(Saved data entries)
------

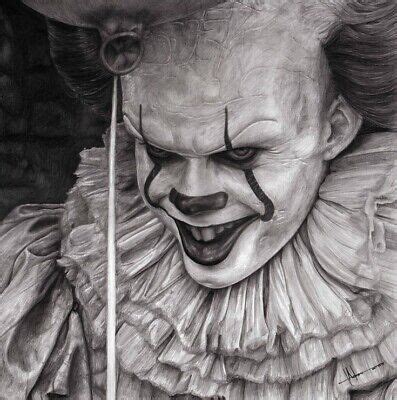 Pennywise Drawing | eBay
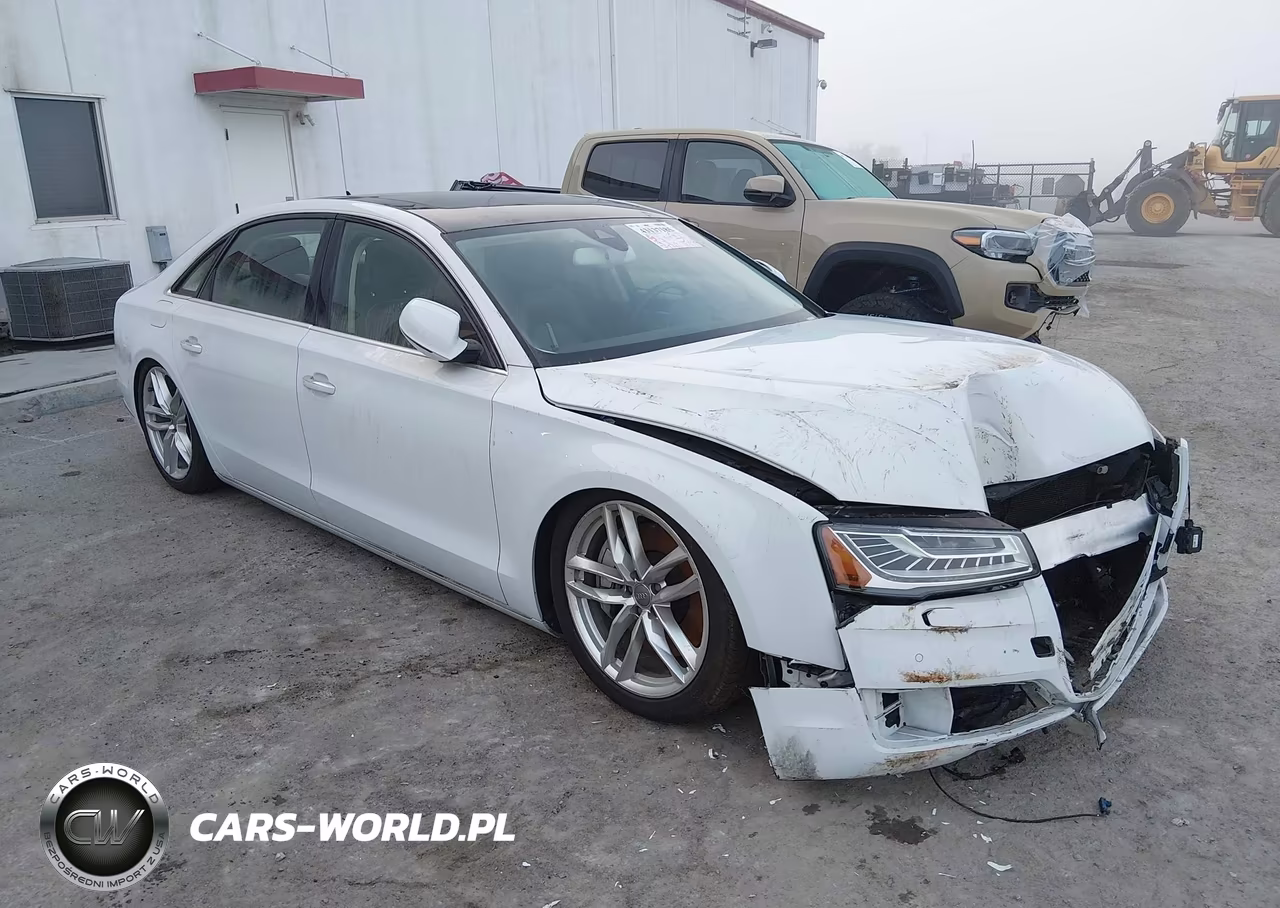 2015 Audi A8 L 3.0 Tdi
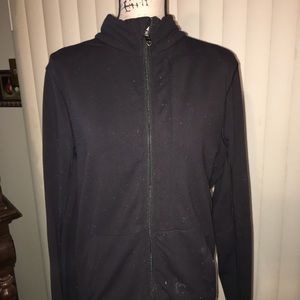 Lululemon full zip jacket- well worn.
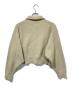 FRED PERRY (フレッドペリー) クロップドニットカーディガン ベージュ サイズ:US 6：7000円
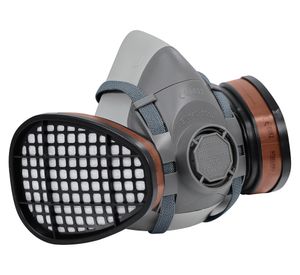 Mascarilla reutilizable 100 + filtro Ergonic F500V A1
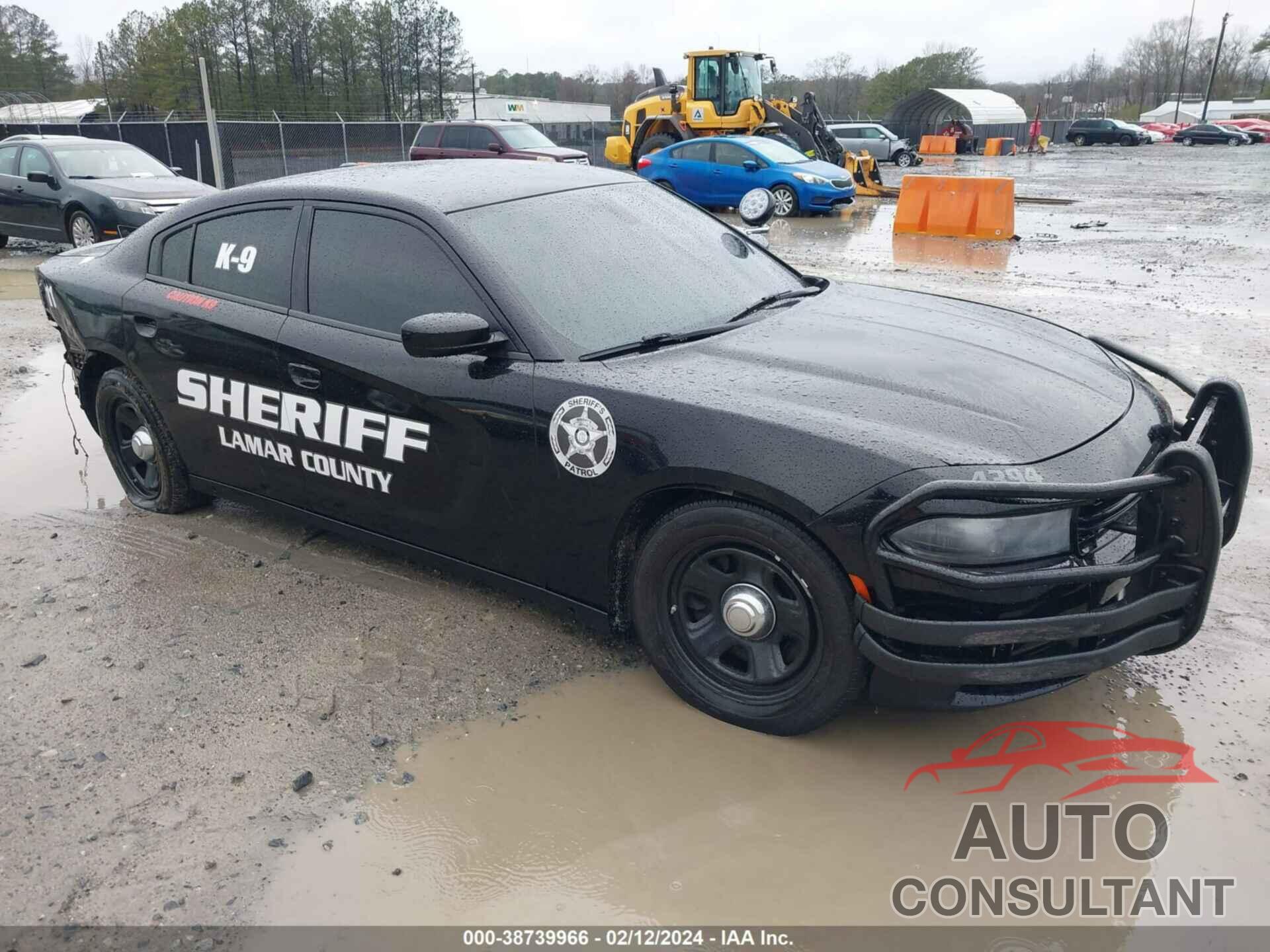 DODGE CHARGER 2018 - 2C3CDXAT4JH263614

------

• Exercise prompt: With all pictures excluded, output exactly the lines from the one containing "Lululemon full zip jacket- well worn." through the final line of the entries, inclusive.

• Solved exercise:
 Lululemon full zip jacket- well worn.
 FRED PERRY (フレッドペリー) クロップドニットカーディガン ベージュ サイズ:US 6：7000円
 Mascarilla reutilizable 100 + filtro Ergonic F500V A1
 DODGE CHARGER 2018 - 2C3CDXAT4JH263614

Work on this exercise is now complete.